Etaamb.openjustice.be
Arrest
gepubliceerd op 18 april 2007

Uittreksel uit arrest nr. 36/2007 van 7 maart 2007 Rolnummer 3979 In zake : de prejudiciële vraag betreffende artikel 8, zesde lid, 3°, van het Wetboek der successierechten, gesteld door de Rechtbank van eerste aanleg te Luik. Het Arbitr samengesteld uit de voorzitters M. Melchior en A. Arts, en de rechters P. Martens, L. Lavrysen, J.-(...)

bron
arbitragehof
numac
2007201025
pub.
18/04/2007
prom.
--
staatsblad
https://www.ejustice.just.fgov.be/cgi/article_body(...)
Document Qrcode

ARBITRAGEHOF


Uittreksel uit arrest nr. 36/2007 van 7 maart 2007 Rolnummer 3979 In zake : de prejudiciële vraag betreffende artikel 8, zesde lid, 3°, van het Wetboek der successierechten, gesteld door de Rechtbank van eerste aanleg te Luik.

Het Arbitragehof, samengesteld uit de voorzitters M. Melchior en A. Arts, en de rechters P. Martens, L. Lavrysen, J.-P. Snappe, J.-P. Moerman en E. Derycke, bijgestaan door de griffier P.-Y. Dutilleux, onder voorzitterschap van voorzitter M. Melchior, wijst na beraad het volgende arrest : I. Onderwerp van de prejudiciële vraag en rechtspleging Bij vonnis van 27 april 2006 in zake Marie Jehotte tegen de Belgische Staat, waarvan de expeditie ter griffie van het Arbitragehof is ingekomen op 8 mei 2006, heeft de Rechtbank van eerste aanleg te Luik de volgende prejudiciële vraag gesteld : « Schendt artikel 8, zesde lid, 3°, van het Wetboek der successierechten de artikelen 10, 11, 22 en 172 van de Grondwet, in zoverre het enkel aan de overlevende echtgenoot, met uitsluiting van de overlevende feitelijk samenwonende die blijk geeft van het feit dat hij gedurende verscheidene jaren heeft samengewoond met de overledene, het voordeel voorbehoudt van de in die bepaling bedoelde uitzondering op het beginsel dat renten en kapitaal die door toedoen van de werkgever van de overledene werden gevestigd tot uitvoering van een groepsverzekeringscontract worden gelijkgesteld met legaten ? ». (...) III. In rechte (...) B.1. De prejudiciële vraag heeft betrekking op artikel 8, zesde lid, 3°, van het Wetboek der successierechten, vervangen bij artikel 1 van het koninklijk besluit nr. 12 van 18 april 1967 tot wijziging van het Wetboek der successierechten, van het Wetboek der registratie-, hypotheek- en griffierechten en van het Wetboek der zegelrechten. De eerste vijf leden van dat artikel 8 bepalen dat verschillende sommen, renten of waarden die een persoon geroepen is kosteloos te ontvangen op grond van een door de overledene gesloten contract, worden geacht als legaat te zijn verkregen en dat zij bijgevolg aan successierechten zijn onderworpen.

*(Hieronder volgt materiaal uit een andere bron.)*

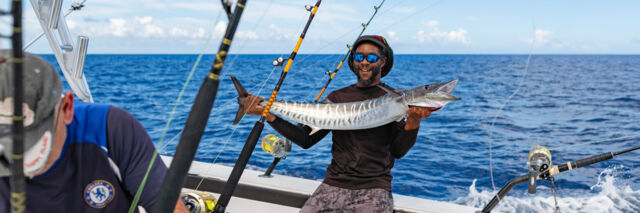 Man holding a large wahoo caught on a fishing charter. 
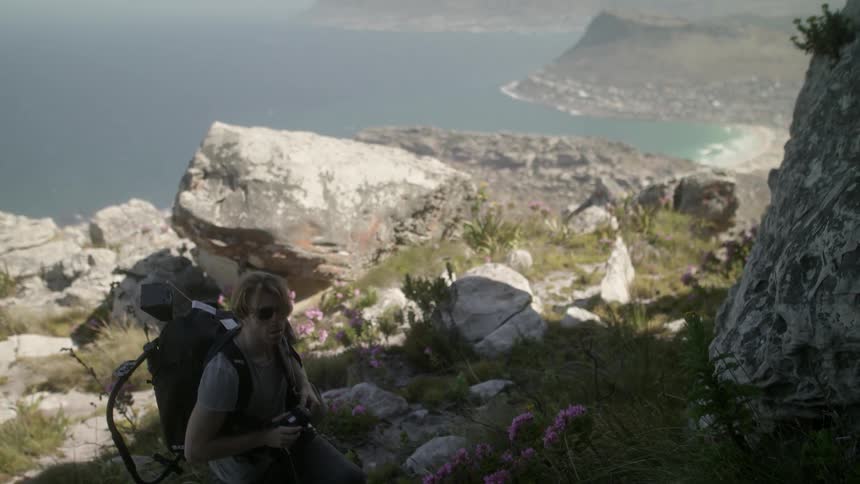 A man is hiking up a mountain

Het zesde lid van dat artikel bepaalt dat het niet van toepassing is : « [...] 3° op de renten en kapitalen die door tussenkomst van de werkgever van de overledene werden gevestigd ten behoeve van de overlevende echtgenoot van de overledene of, bij gebreke, ten behoeve van zijn kinderen die de leeftijd van eenentwintig jaar niet hebben bereikt, tot uitvoering hetzij van een groepsverzekeringscontract onderschreven ingevolge een bindend reglement van de onderneming en beantwoordende aan de voorwaarden gesteld door de reglementering betreffende de controle van zulke contracten, hetzij van het bindend reglement van een voorzorgsfonds opgericht ten behoeve van het personeel van de onderneming; [...] ».

B.2.1. Aan het Hof wordt gevraagd of de voormelde bepaling de artikelen 10, 11, 22 en 172 van de Grondwet schendt, in zoverre zij niet toepasbaar is op de overlevende feitelijk samenwonende. Het Hof beperkt het onderzoek van de prejudiciële vraag tot het door de verwijzende rechter voorgelegde geval. Het dient zich derhalve niet uit te spreken over de situatie van de wettelijk samenwonenden, die inzake successierechten aan dezelfde tarieven als echtgenoten zijn onderworpen.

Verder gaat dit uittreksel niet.